Something Else From Chris Christie's Past May Haunt Presidential Dreams

CEDAR RAPIDS, IA - JUNE 12:  New Jersey Governor Chris Christie leaves a campaign event on June 12, 2015 in Cedar Rapids, Iow
CEDAR RAPIDS, IA - JUNE 12: New Jersey Governor Chris Christie leaves a campaign event on June 12, 2015 in Cedar Rapids, Iowa. Christie is expected to announce soon that he will seek the Republican nomination for president. (Photo by Scott Olson/Getty Images)

New Jersey Gov. Chris Christie (R) has faced criticism since key members of his staff were implicated in the Bridgegate scandal. The politically motivated shutdown of George Washington Bridge access lanes has cast a cloud over Christie's tenure as governor and his potential presidential plans.

But there's another brewing controversy that predates his career as an elected official -- and it could come back to haunt him.

An investigation by The Intercept calls into question a major case that Christie's office prosecuted while he was a U.S. attorney in New Jersey -- a case that helped launch Christie's quest for the governor's office.

In 2007, five men, Dritan, Shain and Eljvir Duka, and their friends Mohammed Shnewer and Serdar Tatar, were prosecuted for allegedly forming a terrorist cell that planned an attack on the Fort Dix military base in New Jersey.

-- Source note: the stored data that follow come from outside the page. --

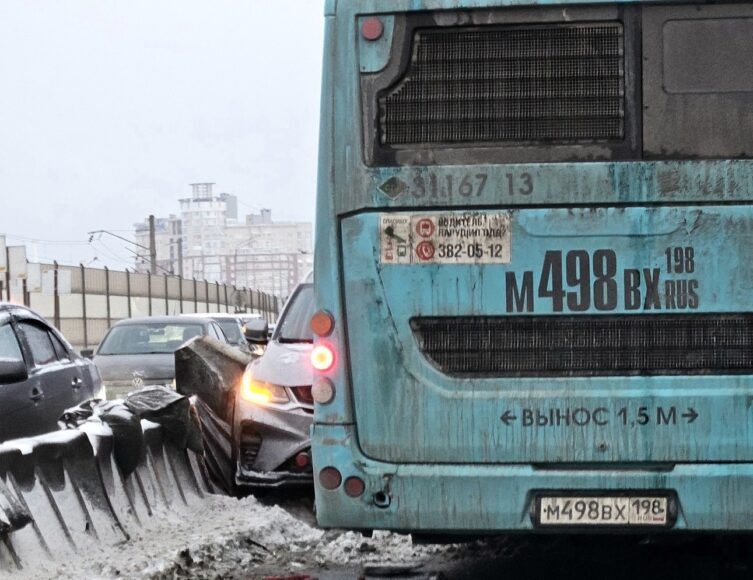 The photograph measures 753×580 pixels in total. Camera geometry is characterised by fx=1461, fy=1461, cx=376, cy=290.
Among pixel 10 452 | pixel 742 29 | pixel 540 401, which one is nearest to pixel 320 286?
pixel 540 401

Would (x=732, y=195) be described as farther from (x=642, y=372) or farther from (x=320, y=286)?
(x=320, y=286)

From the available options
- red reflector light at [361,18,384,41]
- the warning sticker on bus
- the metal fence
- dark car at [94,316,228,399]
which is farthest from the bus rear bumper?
the metal fence

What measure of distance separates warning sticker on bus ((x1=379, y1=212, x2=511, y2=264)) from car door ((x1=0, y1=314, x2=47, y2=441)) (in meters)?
4.67

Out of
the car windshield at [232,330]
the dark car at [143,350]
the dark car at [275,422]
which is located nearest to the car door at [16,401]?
the dark car at [275,422]

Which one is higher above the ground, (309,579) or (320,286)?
(320,286)

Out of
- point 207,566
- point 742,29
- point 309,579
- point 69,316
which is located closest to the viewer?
point 742,29

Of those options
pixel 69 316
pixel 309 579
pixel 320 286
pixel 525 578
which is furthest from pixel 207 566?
pixel 69 316

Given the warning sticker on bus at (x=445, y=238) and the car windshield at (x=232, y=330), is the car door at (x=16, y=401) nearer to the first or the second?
the warning sticker on bus at (x=445, y=238)

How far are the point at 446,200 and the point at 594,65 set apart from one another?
856 mm

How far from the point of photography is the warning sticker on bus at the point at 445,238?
6.29m

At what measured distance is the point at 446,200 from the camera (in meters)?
6.32

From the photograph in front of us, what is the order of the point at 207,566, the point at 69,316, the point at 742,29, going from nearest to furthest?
1. the point at 742,29
2. the point at 207,566
3. the point at 69,316

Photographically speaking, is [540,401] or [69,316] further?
[69,316]

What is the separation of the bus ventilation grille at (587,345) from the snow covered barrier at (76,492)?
280cm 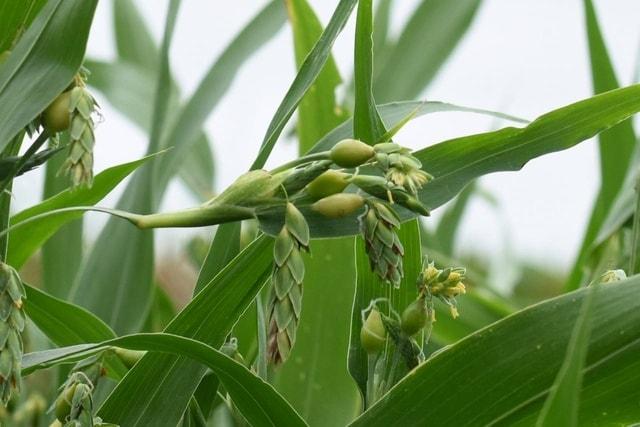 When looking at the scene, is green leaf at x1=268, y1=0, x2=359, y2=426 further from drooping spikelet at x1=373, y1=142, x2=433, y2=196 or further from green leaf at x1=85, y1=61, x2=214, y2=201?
green leaf at x1=85, y1=61, x2=214, y2=201

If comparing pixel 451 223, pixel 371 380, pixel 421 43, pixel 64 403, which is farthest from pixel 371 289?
pixel 451 223

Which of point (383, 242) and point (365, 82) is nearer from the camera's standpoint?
point (383, 242)

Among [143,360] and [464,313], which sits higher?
[143,360]

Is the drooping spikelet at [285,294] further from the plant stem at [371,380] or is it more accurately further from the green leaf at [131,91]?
the green leaf at [131,91]

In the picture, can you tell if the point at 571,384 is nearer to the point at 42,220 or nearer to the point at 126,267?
the point at 42,220

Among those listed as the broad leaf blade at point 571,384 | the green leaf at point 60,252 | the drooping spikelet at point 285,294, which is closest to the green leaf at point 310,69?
the drooping spikelet at point 285,294

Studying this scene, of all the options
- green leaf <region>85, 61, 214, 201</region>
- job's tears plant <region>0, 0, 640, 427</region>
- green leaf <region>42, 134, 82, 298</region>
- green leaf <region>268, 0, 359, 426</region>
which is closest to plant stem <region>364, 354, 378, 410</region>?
job's tears plant <region>0, 0, 640, 427</region>

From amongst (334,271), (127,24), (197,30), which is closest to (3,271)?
(334,271)

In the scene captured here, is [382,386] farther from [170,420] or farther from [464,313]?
[464,313]
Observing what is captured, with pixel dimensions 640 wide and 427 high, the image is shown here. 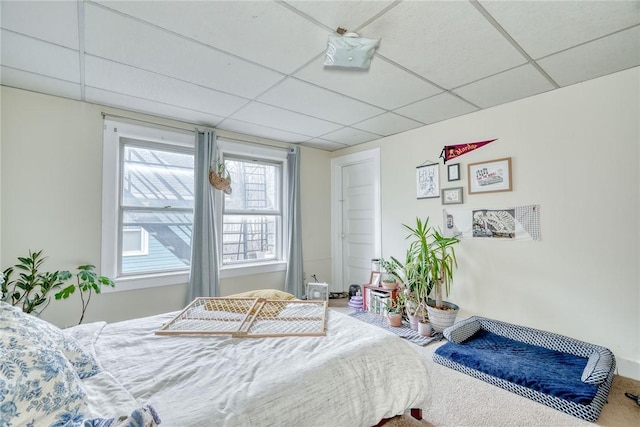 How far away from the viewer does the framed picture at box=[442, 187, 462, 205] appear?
10.3 ft

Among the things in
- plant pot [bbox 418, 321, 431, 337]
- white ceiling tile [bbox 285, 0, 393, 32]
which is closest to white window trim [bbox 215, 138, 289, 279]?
plant pot [bbox 418, 321, 431, 337]

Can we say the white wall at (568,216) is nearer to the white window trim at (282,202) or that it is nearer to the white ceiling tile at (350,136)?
the white ceiling tile at (350,136)

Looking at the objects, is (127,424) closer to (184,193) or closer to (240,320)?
(240,320)

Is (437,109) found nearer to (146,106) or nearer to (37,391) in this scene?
(146,106)

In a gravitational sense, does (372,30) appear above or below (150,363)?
above

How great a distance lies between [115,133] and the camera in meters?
2.88

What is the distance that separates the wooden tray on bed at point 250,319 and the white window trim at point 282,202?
135 centimetres

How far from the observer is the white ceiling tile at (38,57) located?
1.79 m

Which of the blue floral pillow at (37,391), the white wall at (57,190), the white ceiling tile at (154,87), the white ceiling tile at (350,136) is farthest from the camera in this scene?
the white ceiling tile at (350,136)

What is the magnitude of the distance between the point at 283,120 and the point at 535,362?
10.4ft

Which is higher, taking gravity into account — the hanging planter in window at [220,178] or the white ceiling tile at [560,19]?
the white ceiling tile at [560,19]

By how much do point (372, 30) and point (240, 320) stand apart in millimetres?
A: 1951

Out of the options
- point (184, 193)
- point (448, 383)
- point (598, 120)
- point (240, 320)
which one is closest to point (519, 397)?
point (448, 383)

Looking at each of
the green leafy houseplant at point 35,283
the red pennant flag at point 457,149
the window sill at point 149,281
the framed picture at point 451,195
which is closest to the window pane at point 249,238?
the window sill at point 149,281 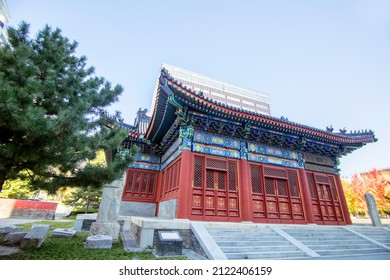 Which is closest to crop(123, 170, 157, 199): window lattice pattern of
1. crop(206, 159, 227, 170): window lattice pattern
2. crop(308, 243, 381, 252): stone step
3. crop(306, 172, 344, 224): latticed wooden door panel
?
crop(206, 159, 227, 170): window lattice pattern

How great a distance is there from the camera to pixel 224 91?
57.5 metres

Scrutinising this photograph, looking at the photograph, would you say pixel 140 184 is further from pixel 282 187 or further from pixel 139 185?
pixel 282 187

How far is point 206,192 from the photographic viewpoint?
8.37 m

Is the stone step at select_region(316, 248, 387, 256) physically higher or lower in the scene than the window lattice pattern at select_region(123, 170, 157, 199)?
lower

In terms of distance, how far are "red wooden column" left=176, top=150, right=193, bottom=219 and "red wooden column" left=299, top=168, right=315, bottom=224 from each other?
6107 millimetres

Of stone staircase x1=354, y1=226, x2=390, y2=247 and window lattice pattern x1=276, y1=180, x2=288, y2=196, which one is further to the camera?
window lattice pattern x1=276, y1=180, x2=288, y2=196

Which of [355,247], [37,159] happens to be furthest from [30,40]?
[355,247]

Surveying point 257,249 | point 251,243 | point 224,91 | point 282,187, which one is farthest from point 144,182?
point 224,91

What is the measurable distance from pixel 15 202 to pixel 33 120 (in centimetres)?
2087

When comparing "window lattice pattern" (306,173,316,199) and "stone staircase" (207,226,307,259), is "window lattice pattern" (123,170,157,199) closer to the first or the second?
"stone staircase" (207,226,307,259)

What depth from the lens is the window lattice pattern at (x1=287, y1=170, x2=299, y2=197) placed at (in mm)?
10221

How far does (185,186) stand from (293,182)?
20.0 feet

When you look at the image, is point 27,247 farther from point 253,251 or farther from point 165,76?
point 165,76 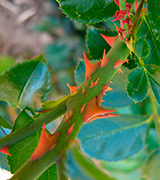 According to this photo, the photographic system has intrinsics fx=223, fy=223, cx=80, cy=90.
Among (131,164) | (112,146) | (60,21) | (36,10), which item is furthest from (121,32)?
(36,10)

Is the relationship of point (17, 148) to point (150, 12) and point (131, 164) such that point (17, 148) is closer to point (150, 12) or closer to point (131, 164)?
point (150, 12)

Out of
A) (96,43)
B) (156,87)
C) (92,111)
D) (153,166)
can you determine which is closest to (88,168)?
(92,111)

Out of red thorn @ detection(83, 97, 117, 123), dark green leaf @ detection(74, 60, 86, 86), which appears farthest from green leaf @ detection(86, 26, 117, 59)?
red thorn @ detection(83, 97, 117, 123)

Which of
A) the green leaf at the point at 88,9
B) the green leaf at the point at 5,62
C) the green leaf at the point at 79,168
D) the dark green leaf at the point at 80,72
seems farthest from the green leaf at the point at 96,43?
the green leaf at the point at 5,62

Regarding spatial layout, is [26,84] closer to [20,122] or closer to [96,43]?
[20,122]

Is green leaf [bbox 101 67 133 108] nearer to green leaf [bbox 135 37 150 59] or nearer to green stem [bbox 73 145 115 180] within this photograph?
green leaf [bbox 135 37 150 59]

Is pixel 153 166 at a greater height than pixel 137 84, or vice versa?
pixel 137 84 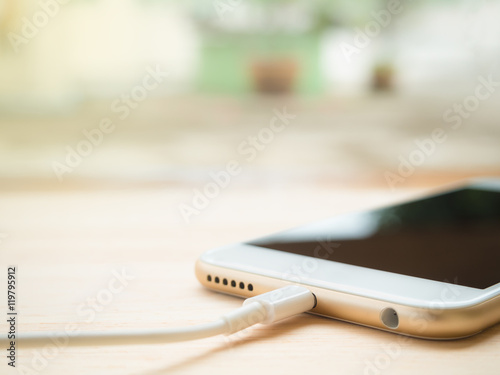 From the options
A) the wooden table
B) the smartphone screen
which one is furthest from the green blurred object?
the smartphone screen

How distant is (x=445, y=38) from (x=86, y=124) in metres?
0.86

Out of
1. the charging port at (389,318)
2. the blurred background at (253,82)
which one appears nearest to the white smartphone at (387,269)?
the charging port at (389,318)

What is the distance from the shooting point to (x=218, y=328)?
42cm

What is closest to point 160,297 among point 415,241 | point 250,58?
point 415,241

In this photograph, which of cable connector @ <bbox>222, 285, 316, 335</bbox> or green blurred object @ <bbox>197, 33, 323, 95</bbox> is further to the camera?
green blurred object @ <bbox>197, 33, 323, 95</bbox>

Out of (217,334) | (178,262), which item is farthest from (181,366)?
(178,262)

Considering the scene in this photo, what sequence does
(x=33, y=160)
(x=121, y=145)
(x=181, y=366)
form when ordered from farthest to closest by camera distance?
(x=121, y=145)
(x=33, y=160)
(x=181, y=366)

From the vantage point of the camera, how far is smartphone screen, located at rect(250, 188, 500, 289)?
0.51m

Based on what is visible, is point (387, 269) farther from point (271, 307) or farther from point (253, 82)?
point (253, 82)

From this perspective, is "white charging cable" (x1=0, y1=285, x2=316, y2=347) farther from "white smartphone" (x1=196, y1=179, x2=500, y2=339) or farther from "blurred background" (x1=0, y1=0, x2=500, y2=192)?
"blurred background" (x1=0, y1=0, x2=500, y2=192)

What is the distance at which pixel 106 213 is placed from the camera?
2.98ft

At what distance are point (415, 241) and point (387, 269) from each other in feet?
0.33

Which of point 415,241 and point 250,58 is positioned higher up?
point 250,58

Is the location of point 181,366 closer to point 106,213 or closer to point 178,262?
point 178,262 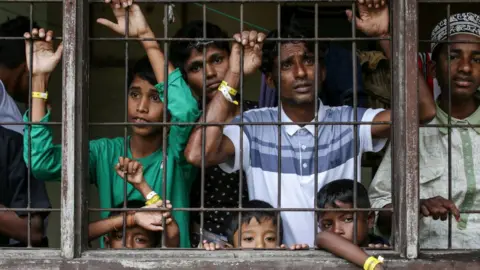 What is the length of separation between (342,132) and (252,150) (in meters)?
0.42

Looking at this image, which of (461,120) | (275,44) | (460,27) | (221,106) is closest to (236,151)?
(221,106)

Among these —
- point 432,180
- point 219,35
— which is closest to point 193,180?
point 219,35

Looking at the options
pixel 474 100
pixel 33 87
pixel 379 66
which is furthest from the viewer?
pixel 379 66

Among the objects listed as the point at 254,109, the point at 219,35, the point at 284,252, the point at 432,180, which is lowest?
the point at 284,252

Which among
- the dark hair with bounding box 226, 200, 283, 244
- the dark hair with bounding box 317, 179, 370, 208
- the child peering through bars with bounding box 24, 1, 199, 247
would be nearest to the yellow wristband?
the child peering through bars with bounding box 24, 1, 199, 247

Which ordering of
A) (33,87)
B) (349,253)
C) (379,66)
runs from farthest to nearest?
(379,66) < (33,87) < (349,253)

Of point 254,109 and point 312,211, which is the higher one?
point 254,109

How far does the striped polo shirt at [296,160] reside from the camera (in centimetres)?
436

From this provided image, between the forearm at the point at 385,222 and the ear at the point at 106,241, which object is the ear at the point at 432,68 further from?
the ear at the point at 106,241

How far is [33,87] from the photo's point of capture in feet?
13.9

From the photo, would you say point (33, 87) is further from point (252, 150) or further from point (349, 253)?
point (349, 253)

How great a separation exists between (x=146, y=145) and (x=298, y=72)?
79 cm

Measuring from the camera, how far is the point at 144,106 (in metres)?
4.59

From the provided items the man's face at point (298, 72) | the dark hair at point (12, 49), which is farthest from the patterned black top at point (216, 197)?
the dark hair at point (12, 49) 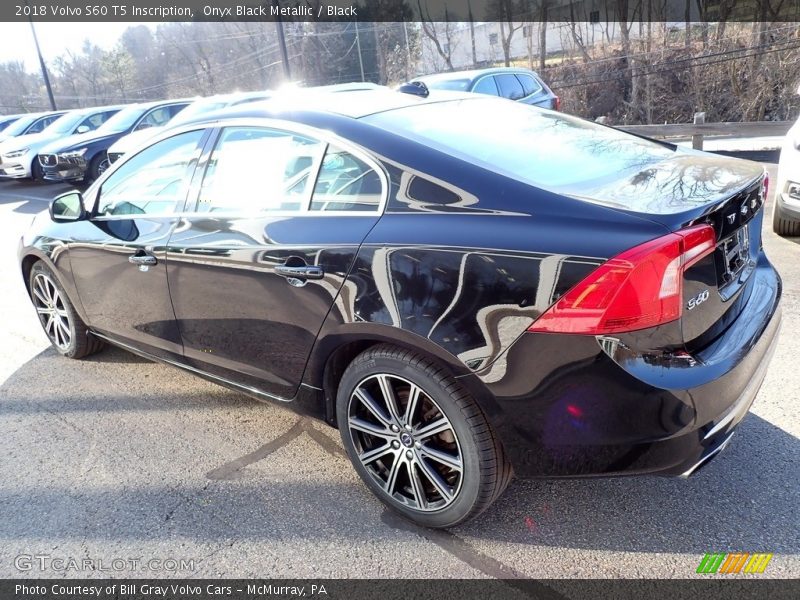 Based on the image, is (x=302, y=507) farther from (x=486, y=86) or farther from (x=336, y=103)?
(x=486, y=86)

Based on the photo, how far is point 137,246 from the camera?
132 inches

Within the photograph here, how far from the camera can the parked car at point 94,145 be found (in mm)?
12180

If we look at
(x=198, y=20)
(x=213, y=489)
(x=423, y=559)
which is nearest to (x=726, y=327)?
(x=423, y=559)

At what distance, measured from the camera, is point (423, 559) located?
2.37 metres

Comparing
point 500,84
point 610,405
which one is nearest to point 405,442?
point 610,405

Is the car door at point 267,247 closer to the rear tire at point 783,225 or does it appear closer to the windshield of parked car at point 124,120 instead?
the rear tire at point 783,225

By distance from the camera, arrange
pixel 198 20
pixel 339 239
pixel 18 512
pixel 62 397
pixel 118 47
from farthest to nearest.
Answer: pixel 118 47 < pixel 198 20 < pixel 62 397 < pixel 18 512 < pixel 339 239

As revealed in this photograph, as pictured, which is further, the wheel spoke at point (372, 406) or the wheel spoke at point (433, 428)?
the wheel spoke at point (372, 406)

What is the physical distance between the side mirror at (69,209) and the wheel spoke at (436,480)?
8.65 ft

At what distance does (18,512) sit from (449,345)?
2.12 meters

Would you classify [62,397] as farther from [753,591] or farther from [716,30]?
[716,30]

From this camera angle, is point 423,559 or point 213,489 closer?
point 423,559

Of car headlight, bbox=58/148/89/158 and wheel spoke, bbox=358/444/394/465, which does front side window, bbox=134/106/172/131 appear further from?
wheel spoke, bbox=358/444/394/465
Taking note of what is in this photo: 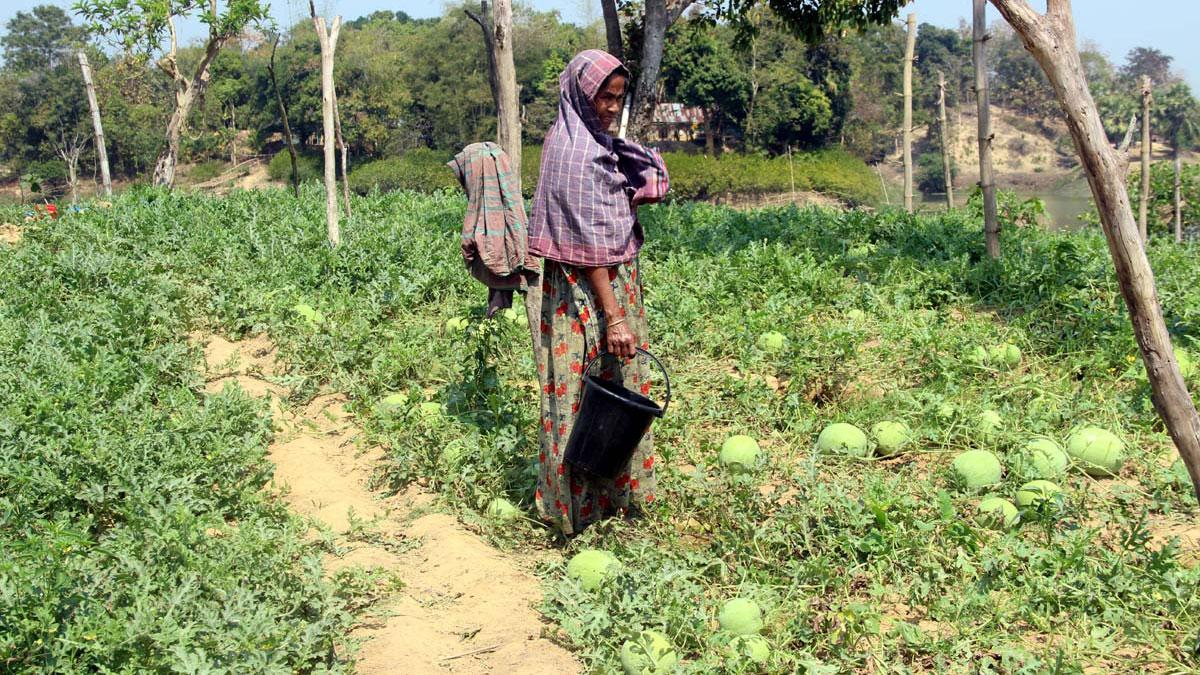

They became known as the "Fort Dix Five," and Christie, who supervised the prosecution, was hailed as a rising star.

The Dukas brothers were later convicted and sentenced to life in prison for plotting to kill members of the military.

From The Intercept:

At a press conference announcing the indictments, U.S. Attorney Chris Christie praised law enforcement for stopping a nascent threat, painting a dark portrait of the alleged plotters. “Believe me, too,” he said. “These people were ready for martyrdom. They spoke about martyrdom extensively in the tapes. They said they were to do this in the service of Allah.”

But now, an FBI informant, Mahmoud Omar, who was an important witness in the prosecution's case, claims the brothers were not involved in the plot. The Intercept reports that although the FBI paid Omar and a second informant to track down and monitor the brothers, "they were never recorded discussing any terrorist plot. As far as the brothers were aware, they were just blowing off steam among friends." The informants manipulated the brothers into illegally buying the guns that led to their arrest, according to The Intercept's account.

Omar moved to the U.S. in the 1990s and made a living illegally exporting car parts to Egypt. He's been convicted numerous times for fraud, according to The Intercept. The second informant, Besnik Bakalli, had been awaiting deportation to Albania to face criminal charges when the FBI approached him about becoming an informant, The Intercept reported.

Christie often uses the Fort Dix case as evidence of an important career victory. As The Intercept reports:

In a 2012 speech to the American-Israel Public Affairs Committee (AIPAC), Christie recalled his success in “the uncovering of a plot to kill American servicemen and women,” telling a packed audience at the New York Hilton Hotel that he helped send to prison a group of “Muslim men practicing with semi-automatic weapons and screaming about jihad against the infidels.” Today, both the Republican Governors Association and the New Jersey Republican Party’s website list the Fort Dix case as “one of Christie’s finest moments” under his biography.